We know the formula for total side band power is
$$P_{SB}=\frac{P_c\mu^2}{2}$$
Substitute $P_c$ and $\mu$ values in the above formula.
$$P_{SB}=\frac{200\times \left ( 0.8 \right )^2}{2}=64W$$
Therefore, the total side band power is 64 watts.
We know the formula for bandwidth of AM wave is
$$BW=2f_m$$
Substitute $f_m$ value in the above formula.
$$BW=2\left ( 1K \right )=2 KHz$$
Therefore, the bandwidth of AM wave is 2 KHz.
In this chapter, let us discuss about the modulators, which generate amplitude modulated wave.
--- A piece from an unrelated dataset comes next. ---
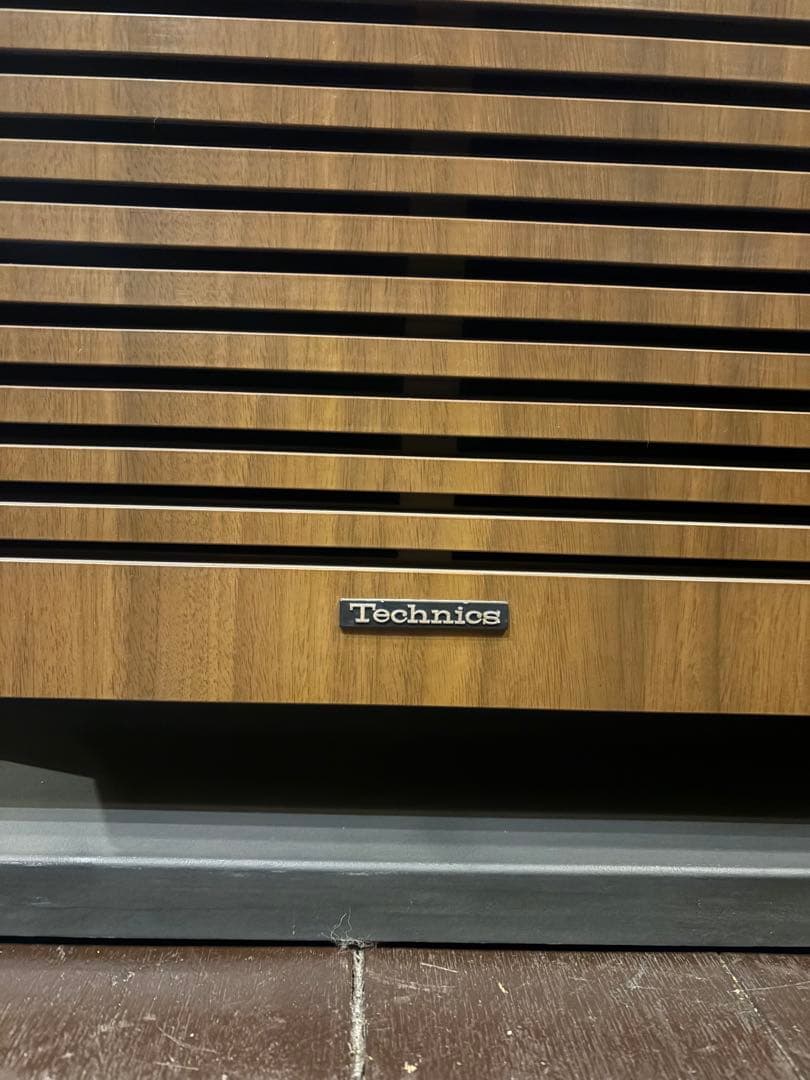 TechnicsSB-7000系大型ホーン搭載 ペア左右音出しOK昭和レトロ名機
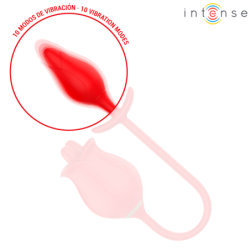 INTENSO - ESTIMULADOR DE CLÍTORIS DOBLE MELANIE CON LENGUA EN ZIGZAG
The following two modulators generate AM wave.
Following is the block diagram of the square law modulator
Let the modulating and carrier signals be denoted as $m\left ( t \right )$ and $A\cos\left ( 2\pi f_ct\right )$ respectively. These two signals are applied as inputs to the summer (adder) block. This summer block produces an output, which is the addition of the modulating and the carrier signal. Mathematically, we can write it as
$$V_1t=m\left ( t \right )+A_c\cos\left ( 2 \pi f_ct \right )$$
This signal $V_1t$ is applied as an input to a nonlinear device like diode. The characteristics of the diode are closely related to square law.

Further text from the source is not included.